Example 3.5. Let $x$ be a fixed integer. Use mathematical induction to prove that, for all integers $n \ge 1$ ,

x^n - 1 = (x-1 )( x^{n-1} + x^{n-2} + \cdots + x + 1 ).

[Hint: $x^{n+1} - 1 = (x-1)x^n + (x^{n} - 1 )$ .]

Example 3.6. Use mathematical induction to prove that $n^{3} - n$ is divisible by 3 whenever $n$ is a positive integer.

Number of subsets example

Example 3.7. Use mathematical induction to show that if $S$ is a finite set with $n$ elements, then $S$ has $2^{n}$ subsets.

Factorial example

Example 3.8. Use mathematical induction to prove that $2^n < n!$ for every positive integer $n$ with $n\geq 4$ .

Geometric examples

Example 3.9. Let $n$ be a positive integer. Show that any $2^{n}\times 2^{n}$ chessboard with one square removed can be tiled using L-shaped pieces, where these pieces cover three squares at a time.

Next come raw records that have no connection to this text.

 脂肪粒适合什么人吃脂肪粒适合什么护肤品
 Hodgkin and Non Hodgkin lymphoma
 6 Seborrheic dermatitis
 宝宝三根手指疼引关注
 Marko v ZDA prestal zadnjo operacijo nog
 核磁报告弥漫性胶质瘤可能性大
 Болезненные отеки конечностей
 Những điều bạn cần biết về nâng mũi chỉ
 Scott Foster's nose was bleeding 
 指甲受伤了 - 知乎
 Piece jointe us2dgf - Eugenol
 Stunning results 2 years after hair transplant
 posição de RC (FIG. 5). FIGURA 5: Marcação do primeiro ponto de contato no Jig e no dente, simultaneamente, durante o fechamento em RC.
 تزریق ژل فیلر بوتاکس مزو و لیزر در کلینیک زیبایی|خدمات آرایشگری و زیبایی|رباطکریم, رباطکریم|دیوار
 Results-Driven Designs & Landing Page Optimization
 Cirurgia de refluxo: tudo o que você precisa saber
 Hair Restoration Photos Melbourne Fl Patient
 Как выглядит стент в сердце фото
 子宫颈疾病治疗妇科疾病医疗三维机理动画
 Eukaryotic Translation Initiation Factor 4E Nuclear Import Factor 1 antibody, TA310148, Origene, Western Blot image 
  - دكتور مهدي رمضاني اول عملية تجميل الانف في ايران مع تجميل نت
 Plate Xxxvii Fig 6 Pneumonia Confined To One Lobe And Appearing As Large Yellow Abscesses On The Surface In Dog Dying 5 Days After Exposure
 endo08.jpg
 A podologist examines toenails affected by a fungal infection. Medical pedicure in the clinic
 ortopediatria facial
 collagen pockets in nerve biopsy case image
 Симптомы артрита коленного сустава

Example 3.10. A finite number of straight lines divides the plane into regions. Prove that these regions can be coloured using two colours so that adjacent regions (i.e., regions that meet in more than just one corner) do not have the same colour.

Basis at other than 0 or 1

Sometimes we need to show that $P(n)$ is true for $n = k, k + 1, k + 2, \ldots$ , where $k$ is an integer other than 0 or 1. We can use mathematical induction to accomplish this as long as we change the basis step.

Example 3.11. Prove using induction that if $n > 4$ is an integer then $n^2 > n + 16$ .

The second principle of mathematical induction

There is another form of mathematical induction that is often useful in proofs. With this form we use the same basis step as before, but we use a different inductive step. We assume that $P(k)$ is true for all values $k = 1,\ldots, n$ and show that $P(n + 1 )$ must also be true based on this assumption. This is called the second principle of mathematical induction. We summarize the two steps used to show that $P(n)$ is true for all positive integers $n:$

Basis step: The proposition $P(1)$ is shown to be true.

Inductive step: It is shown that

[P(1) \wedge P(2) \wedge \cdots \wedge P(n)] \rightarrow P(n + 1 )

is true for every positive integer $n$ .

The two forms of mathematical induction are equivalent; that is, each can be shown to be a valid proof technique assuming the other. We leave it as an exercise for the student to show this.

Example 3.12. Show that if $n$ is an integer greater than $1$ , then $n$ can be written as the product of primes.

Solution.

Let $P(n)$ denote the proposition that $n$ can be written as a product of primes.

Basis step: $P(2)$ is true since it can be written as the product of one prime, itself.

Inductive step: Assume that $P(k)$ is true for all positive integers $k$ with $k\leq n$ . To complete the inductive step it must be shown that $P(n+1)$ is true under this assumption. There are two cases to consider, namely, when $n+1$ is prime and when $n+1$ is composite. If $n+1$ is prime then we can immediately see that $P(n+1)$ is true. Otherwise $n+1$ is composite and thus can be written as a product of two positive integers $a$ and $b$ with $2\leq a\leq b<n+1$ . By the induction hypothesis, both $a$ and $b$ can be written as the product of primes. Thus, if $n+1$ is composite, then it can be written as the product of primes, namely, those primes in the factorizations of $a$ and $b$ .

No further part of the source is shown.